I have never set publicly my goals for the future months. In my very first blog post I just said I would do some kind of report every couple of months, looking back at what went well and what I need to improve. So, I cannot give marks or stuff like that to precise goals. For this reason, I’m going to give some opinions with marks to some topics about what happened in my work life in the last two months (and I think I will do the same in the next reports). Little spoiler: it didn’t go too good.
Work-life balance: D-
January and Febrary were terrible from work-life balance perspective. The amount of work we (me and my collegues) faced was too much. By the end of Febryuary though, we re-started to breath.
Personal studies: B
For the reason I mentioned above, it was nearly impossible to dedicate free time to personal studies. Nevertheless, I tried to push myself and go ahead.
-
I published on my LinkedIn profile just today a first document representing my personal notes about Apache Spark. When I started study Spark at October 2023, I noticed that most of the guide or tutorial or even books were not so clear in the explaination (understanding in depth the concepts of Driver, Cluster Manager, Spark Application is not trivial in my opinion), meaning that all these resouces are pretty similar and take many things for granted. So, I decided to put together the best information I found along the time to put in order all these concepts in my mind. Even with this method, and even now, I have some doubts about some concepts. If anyone, other than me, is reading this post and wants to see these notes, here’s the link: https://mypersonal-notes.notion.site/A-Gentle-Introduction-to-Spark-fc00af2a86f142f39e228a63052a7101. I really appreciate any kind of feedbacks.
-
I posted on my GitHub account 2 new repositories:
- one is just the attempt to re-create a project I found on YouTube by “CodeWithYu” (link here) that explains how to go through an end-to-end Data Engineering project putting together technologies like Apache Kafka, Apache Airflow, Apache Zookeper, Apache Spark, Cassandra database, all containerized with Docker. There is not much of my own in this project, but it was a first approach with a complex environment.

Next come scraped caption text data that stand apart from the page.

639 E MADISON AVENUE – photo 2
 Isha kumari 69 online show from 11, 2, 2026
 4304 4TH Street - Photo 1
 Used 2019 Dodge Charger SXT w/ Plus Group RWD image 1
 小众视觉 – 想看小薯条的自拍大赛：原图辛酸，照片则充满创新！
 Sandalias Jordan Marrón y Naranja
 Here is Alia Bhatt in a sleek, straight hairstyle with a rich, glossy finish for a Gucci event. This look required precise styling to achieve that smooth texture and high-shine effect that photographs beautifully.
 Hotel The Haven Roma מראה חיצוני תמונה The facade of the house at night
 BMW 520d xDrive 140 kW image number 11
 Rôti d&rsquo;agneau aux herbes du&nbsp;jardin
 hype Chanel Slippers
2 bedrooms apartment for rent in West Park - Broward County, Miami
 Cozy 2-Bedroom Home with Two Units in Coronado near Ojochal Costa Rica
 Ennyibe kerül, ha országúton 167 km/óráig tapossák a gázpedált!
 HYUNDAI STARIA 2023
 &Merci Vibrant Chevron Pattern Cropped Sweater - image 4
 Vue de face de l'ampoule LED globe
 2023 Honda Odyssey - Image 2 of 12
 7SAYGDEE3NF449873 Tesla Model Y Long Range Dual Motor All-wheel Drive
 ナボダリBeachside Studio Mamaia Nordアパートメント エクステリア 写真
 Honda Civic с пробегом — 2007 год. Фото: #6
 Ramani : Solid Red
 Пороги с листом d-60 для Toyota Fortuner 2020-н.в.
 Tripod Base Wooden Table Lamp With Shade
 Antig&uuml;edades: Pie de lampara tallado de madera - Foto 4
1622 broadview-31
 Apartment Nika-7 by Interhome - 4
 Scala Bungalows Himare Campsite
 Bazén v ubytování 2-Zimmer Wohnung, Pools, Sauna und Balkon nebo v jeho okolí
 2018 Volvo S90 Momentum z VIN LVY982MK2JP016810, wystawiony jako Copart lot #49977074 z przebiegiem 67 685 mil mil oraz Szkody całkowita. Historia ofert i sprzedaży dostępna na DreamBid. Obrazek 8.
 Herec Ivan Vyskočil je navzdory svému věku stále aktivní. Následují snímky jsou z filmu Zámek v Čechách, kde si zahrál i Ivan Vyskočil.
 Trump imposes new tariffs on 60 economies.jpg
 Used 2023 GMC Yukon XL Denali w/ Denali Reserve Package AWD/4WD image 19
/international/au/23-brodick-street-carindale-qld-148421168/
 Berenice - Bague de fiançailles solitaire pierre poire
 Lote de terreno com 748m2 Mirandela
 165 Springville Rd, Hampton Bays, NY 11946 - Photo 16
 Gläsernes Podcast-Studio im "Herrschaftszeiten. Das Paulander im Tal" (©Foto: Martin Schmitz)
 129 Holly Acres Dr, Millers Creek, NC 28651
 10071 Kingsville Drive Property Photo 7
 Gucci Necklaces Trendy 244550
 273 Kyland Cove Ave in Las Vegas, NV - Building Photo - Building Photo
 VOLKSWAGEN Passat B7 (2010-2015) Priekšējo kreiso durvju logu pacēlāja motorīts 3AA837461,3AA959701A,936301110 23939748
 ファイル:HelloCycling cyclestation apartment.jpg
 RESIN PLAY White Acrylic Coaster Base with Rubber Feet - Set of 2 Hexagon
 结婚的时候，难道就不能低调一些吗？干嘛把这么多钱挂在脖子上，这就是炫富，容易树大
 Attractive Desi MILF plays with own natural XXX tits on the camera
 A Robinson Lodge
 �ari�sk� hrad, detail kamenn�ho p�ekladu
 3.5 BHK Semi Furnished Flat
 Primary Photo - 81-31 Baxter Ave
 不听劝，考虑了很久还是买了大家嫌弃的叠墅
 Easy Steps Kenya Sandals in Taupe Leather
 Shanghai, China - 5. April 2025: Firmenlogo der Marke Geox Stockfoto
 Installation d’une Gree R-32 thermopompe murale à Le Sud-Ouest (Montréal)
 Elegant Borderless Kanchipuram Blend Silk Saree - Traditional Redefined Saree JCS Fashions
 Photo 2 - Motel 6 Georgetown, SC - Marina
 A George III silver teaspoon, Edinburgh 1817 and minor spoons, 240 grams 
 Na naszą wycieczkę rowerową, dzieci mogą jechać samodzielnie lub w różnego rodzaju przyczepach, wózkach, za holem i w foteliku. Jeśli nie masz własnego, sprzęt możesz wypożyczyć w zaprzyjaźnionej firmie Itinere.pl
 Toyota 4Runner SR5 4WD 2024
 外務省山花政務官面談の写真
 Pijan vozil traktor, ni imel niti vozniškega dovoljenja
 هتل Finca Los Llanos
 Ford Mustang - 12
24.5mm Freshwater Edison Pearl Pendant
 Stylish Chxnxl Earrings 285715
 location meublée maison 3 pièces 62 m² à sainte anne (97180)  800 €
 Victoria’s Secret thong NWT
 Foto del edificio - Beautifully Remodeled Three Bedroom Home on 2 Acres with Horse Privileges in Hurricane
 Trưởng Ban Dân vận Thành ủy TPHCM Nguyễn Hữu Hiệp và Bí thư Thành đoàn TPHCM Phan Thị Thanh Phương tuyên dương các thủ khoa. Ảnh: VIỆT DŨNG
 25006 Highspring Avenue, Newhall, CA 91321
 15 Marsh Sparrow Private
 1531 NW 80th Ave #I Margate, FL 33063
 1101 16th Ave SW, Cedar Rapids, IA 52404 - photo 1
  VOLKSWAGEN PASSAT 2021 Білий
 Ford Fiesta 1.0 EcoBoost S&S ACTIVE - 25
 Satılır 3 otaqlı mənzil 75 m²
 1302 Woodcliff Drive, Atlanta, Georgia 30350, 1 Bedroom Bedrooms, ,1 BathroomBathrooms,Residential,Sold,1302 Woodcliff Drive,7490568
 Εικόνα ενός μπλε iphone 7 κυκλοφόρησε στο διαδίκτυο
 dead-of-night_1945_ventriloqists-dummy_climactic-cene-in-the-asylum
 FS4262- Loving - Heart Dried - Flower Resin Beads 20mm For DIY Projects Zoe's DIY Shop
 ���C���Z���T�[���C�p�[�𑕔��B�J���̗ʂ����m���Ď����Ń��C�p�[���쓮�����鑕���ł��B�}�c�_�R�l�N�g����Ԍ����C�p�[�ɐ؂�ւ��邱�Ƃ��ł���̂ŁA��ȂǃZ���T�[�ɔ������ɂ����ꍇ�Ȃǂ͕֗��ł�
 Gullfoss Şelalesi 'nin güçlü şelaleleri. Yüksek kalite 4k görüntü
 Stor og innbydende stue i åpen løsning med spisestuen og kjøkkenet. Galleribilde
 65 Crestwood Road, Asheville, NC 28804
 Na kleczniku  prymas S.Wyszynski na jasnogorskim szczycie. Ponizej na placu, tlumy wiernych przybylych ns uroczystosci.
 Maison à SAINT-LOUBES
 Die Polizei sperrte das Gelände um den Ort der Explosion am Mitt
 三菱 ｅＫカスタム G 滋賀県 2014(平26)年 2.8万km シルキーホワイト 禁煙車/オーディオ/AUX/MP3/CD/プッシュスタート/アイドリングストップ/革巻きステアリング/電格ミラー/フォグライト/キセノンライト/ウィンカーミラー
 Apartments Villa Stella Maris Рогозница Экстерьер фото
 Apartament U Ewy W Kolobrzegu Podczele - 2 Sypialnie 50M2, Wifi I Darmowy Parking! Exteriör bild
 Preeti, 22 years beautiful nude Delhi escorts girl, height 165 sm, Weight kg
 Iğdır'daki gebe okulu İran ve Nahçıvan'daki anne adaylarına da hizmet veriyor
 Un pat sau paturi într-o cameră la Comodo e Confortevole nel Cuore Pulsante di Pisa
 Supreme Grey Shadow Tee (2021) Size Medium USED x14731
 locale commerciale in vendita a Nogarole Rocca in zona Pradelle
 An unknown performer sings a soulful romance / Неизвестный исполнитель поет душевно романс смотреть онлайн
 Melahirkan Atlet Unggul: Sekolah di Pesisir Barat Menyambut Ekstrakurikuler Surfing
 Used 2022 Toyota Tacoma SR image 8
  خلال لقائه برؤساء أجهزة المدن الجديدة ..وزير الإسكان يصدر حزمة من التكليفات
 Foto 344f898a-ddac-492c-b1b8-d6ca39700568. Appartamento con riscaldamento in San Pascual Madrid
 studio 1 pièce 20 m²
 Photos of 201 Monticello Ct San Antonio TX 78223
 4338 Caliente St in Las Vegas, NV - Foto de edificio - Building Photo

- one is inspired from a YouTube video (link here) by “Code with Irtiza” that explains how to use Apache Kafka for a simple project about Food Ordering. I extended the project with:
- Spark Streaming section to elaborate data coming from a Kafka Topic and store them inside a Cassandra DB;
- a frontend section where users can simulate orders;
- a frontend section where shop workers can notify users that the order is ready;
- both these two frontend sections communicate with the backend through Kafka.
If you want to know more about those projects, check my GitHub account.
I am honestly pretty satisfied with this project. The goal from now on is to study something about the theoretical aspects of Apache Kafka because I just used it in my code, but I don’t have a clear big picture about what is it and when and where it’s used. These two projects though were two great starting points.